Author Affiliations +
Proceedings Volume 2419, Digital Video Compression: Algorithms and Technologies 1995; (1995) https://doi.org/10.1117/12.206362
Event: IS&T/SPIE's Symposium on Electronic Imaging: Science and Technology, 1995, San Jose, CA, United States
Abstract
Motion-compensated video coders typically segment a scene into arbitrary tiles, resulting in a compressed bitstream which is not physically or semantically related to the scene structure. This paper presents a method for segmenting video frames and coding motion of regions, where the regions are defined in terms of a number of different properties. The goal is a video coder which gives good compression while identifying coherent regions in a manner useful for both human users and automated scene-understanding processes.
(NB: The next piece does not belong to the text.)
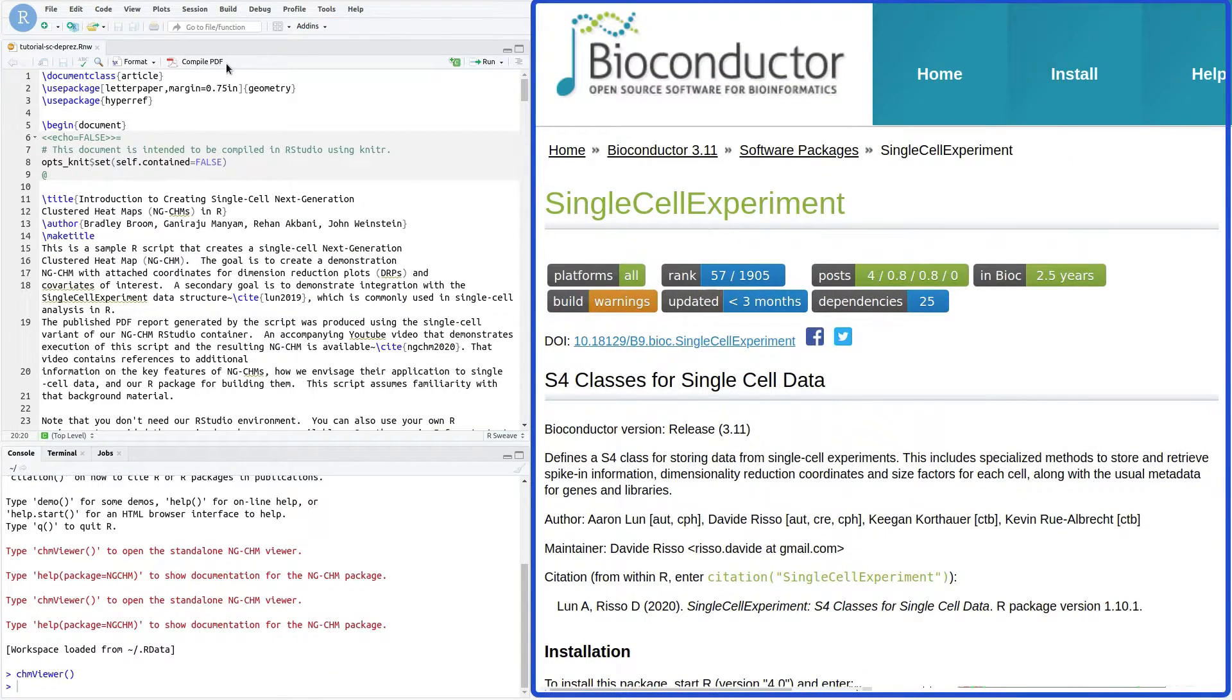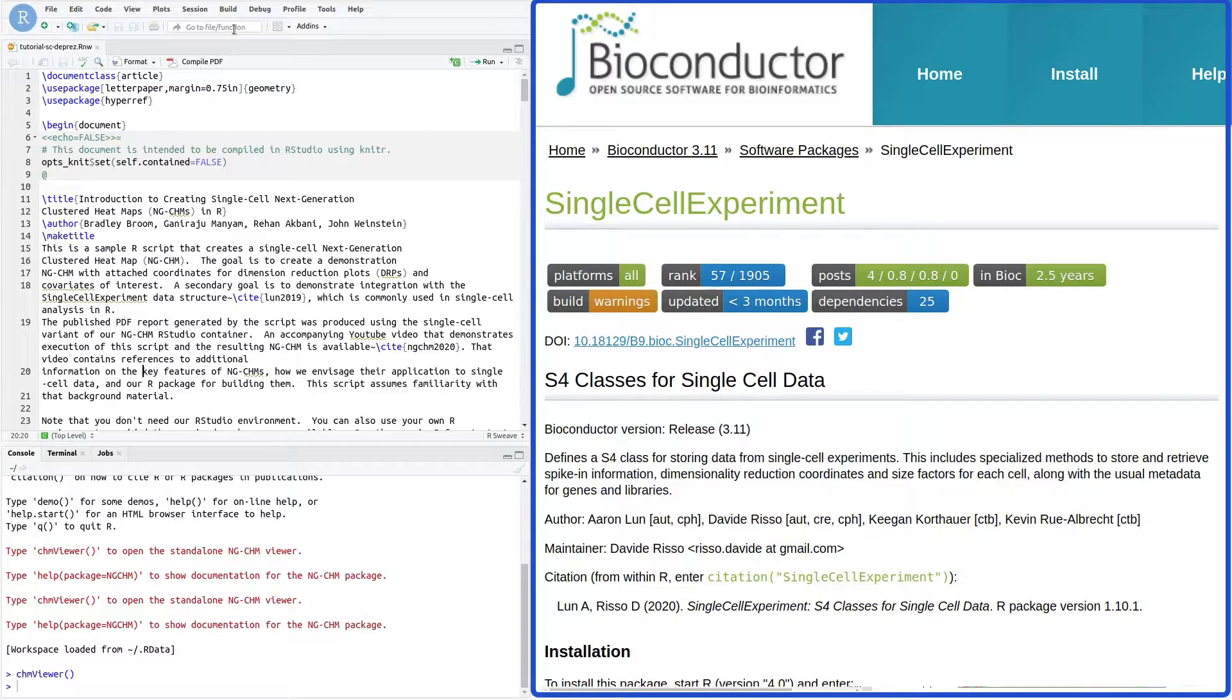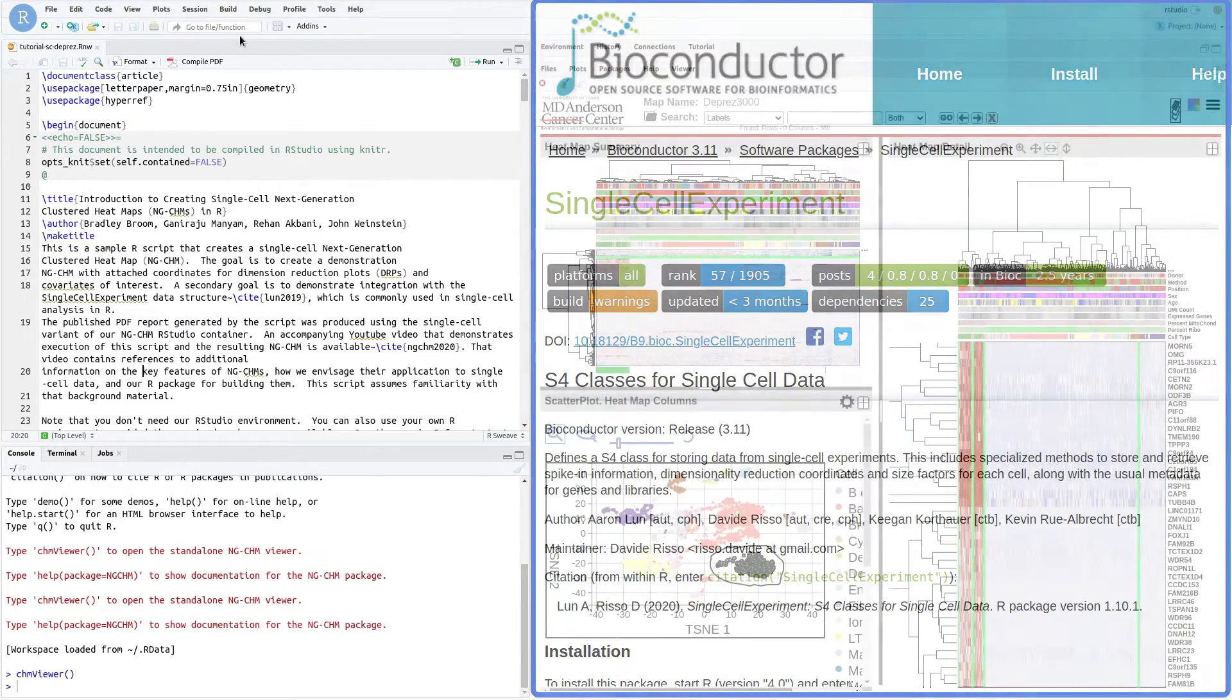For this video, we will also use the single-cell experiment data structure that is widely used in the analysis of single-cell data in R. Note that you can also create single-cell NGCHMs using other data structures if you wish.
Both a supervised and an unsupervised clustering algorithm are used to segment an image sequence; both algorithms make use of multiple features including motion, texture, position, and color. By utilizing both the structure and motion information, we preserve the semantic/structural content of the different regions, and simultaneously remove the redundancy (in successive frames) by describing the motion information in each region with a six-parameter affine model. In the supervised clustering algorithm, the first frame is manually segmented and used as training data. The classification of subsequent frames is done automatically, by using a MAP estimate, and modeling the n-dimensional feature-space as jointly Gaussian. The unsupervised algorithm is an iterative process that reassigns the classification of each point to the region corresponding to the nearest mean among each region of the segmentation from the previous iteration. In both algorithms, the distance and/or the mean is an n-dimensional measurement, n being the number of features used.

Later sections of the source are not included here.